| Source records |
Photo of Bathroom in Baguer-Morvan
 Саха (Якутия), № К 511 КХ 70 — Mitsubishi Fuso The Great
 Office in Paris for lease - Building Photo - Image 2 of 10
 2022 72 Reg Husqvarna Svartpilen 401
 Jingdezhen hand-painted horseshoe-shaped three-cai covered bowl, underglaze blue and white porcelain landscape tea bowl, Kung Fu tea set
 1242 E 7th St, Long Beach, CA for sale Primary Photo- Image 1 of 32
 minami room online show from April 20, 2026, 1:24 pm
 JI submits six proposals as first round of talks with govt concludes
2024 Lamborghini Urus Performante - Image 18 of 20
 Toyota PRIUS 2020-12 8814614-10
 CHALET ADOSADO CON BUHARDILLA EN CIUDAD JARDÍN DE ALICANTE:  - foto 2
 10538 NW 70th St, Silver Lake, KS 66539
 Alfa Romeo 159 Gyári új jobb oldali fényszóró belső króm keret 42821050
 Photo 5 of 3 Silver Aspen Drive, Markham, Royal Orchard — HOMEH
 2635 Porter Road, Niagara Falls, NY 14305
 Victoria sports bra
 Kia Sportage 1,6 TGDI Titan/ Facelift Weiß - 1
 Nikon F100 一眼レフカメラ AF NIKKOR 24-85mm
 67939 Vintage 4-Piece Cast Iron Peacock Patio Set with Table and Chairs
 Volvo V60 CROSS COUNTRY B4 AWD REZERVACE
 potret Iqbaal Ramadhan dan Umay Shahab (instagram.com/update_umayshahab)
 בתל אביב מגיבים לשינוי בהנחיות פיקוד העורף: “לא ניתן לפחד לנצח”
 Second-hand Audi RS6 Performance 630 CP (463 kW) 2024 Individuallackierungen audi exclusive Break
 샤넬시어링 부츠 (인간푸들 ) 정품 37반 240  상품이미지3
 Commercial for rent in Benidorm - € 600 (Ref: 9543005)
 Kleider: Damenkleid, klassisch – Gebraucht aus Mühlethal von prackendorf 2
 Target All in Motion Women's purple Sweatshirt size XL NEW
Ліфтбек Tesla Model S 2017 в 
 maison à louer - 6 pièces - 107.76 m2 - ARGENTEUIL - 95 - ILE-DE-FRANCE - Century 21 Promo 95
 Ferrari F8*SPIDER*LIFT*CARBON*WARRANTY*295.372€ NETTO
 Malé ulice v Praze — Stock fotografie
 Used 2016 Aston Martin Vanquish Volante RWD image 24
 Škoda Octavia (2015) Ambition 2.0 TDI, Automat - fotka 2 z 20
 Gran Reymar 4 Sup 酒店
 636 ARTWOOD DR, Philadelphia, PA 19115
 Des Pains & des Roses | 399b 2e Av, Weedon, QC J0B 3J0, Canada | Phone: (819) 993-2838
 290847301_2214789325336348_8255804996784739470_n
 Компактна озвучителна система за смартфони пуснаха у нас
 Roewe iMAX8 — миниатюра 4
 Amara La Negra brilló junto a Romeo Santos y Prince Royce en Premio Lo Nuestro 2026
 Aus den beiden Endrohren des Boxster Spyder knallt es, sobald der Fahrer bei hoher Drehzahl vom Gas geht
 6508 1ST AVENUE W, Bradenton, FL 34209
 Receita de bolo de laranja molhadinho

| What is required |
Please state how many lines in the entries above include the word "Romeo", giving only the number.

| Written answer |
2